Friday, November 20, 2009

GHGs Reduce with Economic Condition

The talk shows yesterday were all abuzz with the announcement that greenhouse gas emissions have reduced globally by 3% in 2009 due to the slowdown in the economy (according to the Global Carbon Project). They likened it to hundreds of power plants shutting down for several weeks. Basically, we've slowed down the production of "stuff," slowed down our driving and reduced our energy use in general.
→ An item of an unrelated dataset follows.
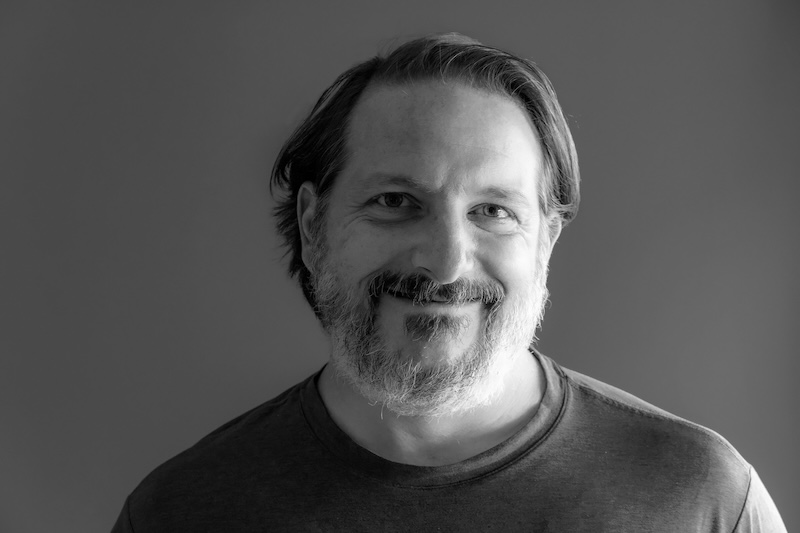 aaron mandelbaum bodywork, coach, facilitator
My own family has been affected by the recession - we planned to move out of the city into a larger home to accommodate our 3 year old. After a couple of years of sticking with a smaller apartment at this point, we've unwittingly realized how great it is to have less "stuff" and commute less. Since we didn't buy that big house in the burbs, we don't need more furniture, we don't need that second car and we don't need "yard equipment." We probably contributed to that 3% reduction because we just stopped buying as much, period. I gotta say, it's much less stress and a great lifestyle.
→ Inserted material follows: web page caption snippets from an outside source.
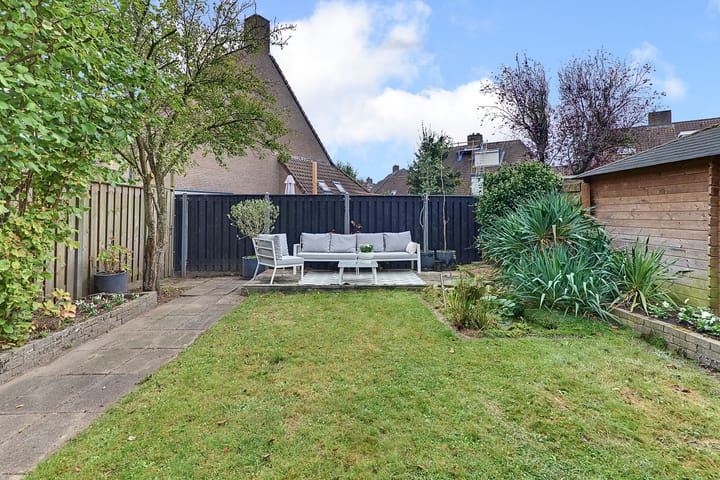 Foto 4 van Stedenmeen 36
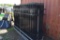 Diggit 22 Piece 10' x 7' Fence Panel Set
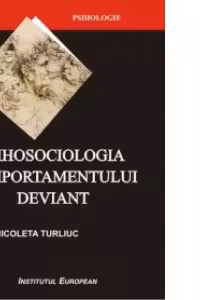 Psihosociologia comportamentului deviant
So what if we all just keep doing more with less - would it give us more time, more money and fewer emissions to worry about? Honestly, I think so. I'm up for redefining the American dream and creating a World dream of less stuff and less hassle.

Monday, November 16, 2009

HOK's Aha! Moments at Greenbuild

Last week at Greenbuild, my company decided to host a booth as we always do. Usually at our booth we talk about how great our green buildings are, what fabulous books we've written, etc. But not this year. This year we decided to capture on video those many inspirational people we meet at Greenbuild and share their most personal moments with the world. The Aha! moment when all of these brilliant minds realized that the environment was important to them for whatever reason. We've been compiling some great video - some of it very touching. I had to share - feel free to share your Aha! moment on this blog. We'd love to hear from you.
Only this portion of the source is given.